## What the task requires
Below are the records; extract from them the line containing "Svetlo modra dukserica" to the line containing "kitchen with stainless", both lines included, exactly and with no pictures.

## Task inputs
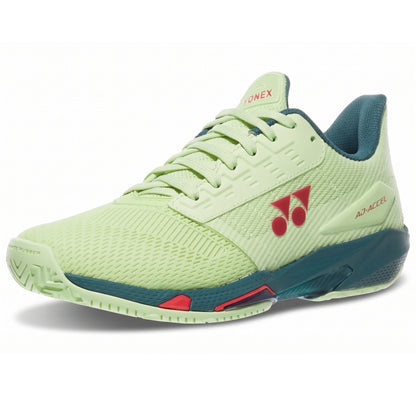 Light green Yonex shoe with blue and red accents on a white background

---

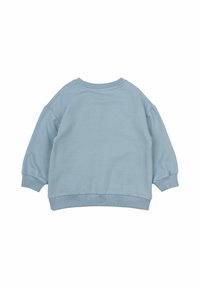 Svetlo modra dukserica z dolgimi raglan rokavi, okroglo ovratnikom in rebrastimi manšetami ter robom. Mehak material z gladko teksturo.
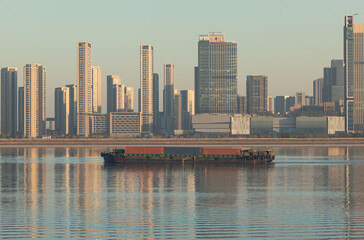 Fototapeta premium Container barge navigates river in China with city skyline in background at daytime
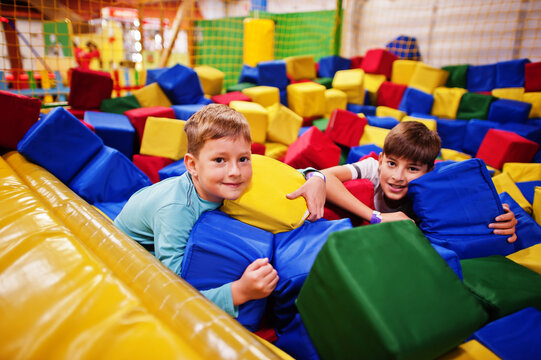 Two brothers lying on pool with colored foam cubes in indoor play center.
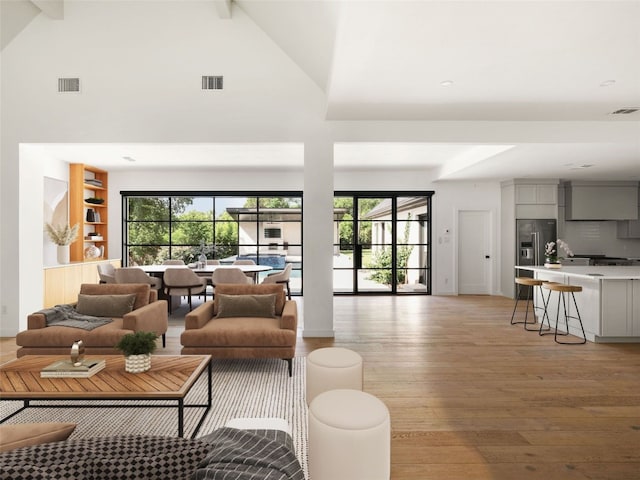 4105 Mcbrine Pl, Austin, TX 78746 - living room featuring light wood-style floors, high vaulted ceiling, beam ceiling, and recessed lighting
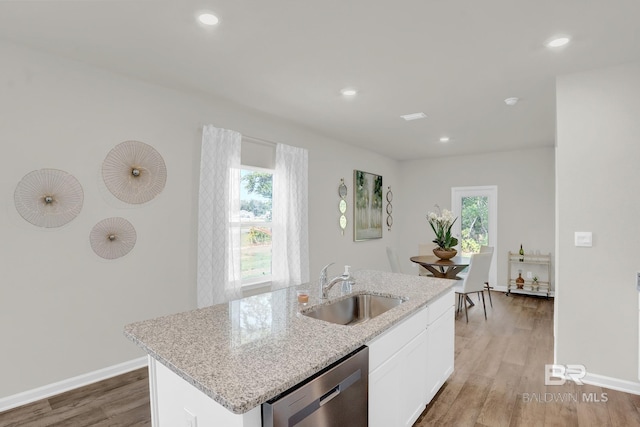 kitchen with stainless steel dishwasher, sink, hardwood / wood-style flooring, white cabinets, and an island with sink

## Exercise answer
 Svetlo modra dukserica z dolgimi raglan rokavi, okroglo ovratnikom in rebrastimi manšetami ter robom. Mehak material z gladko teksturo.
 Fototapeta premium Container barge navigates river in China with city skyline in background at daytime
 Two brothers lying on pool with colored foam cubes in indoor play center.
 4105 Mcbrine Pl, Austin, TX 78746 - living room featuring light wood-style floors, high vaulted ceiling, beam ceiling, and recessed lighting
 kitchen with stainless steel dishwasher, sink, hardwood / wood-style flooring, white cabinets, and an island with sink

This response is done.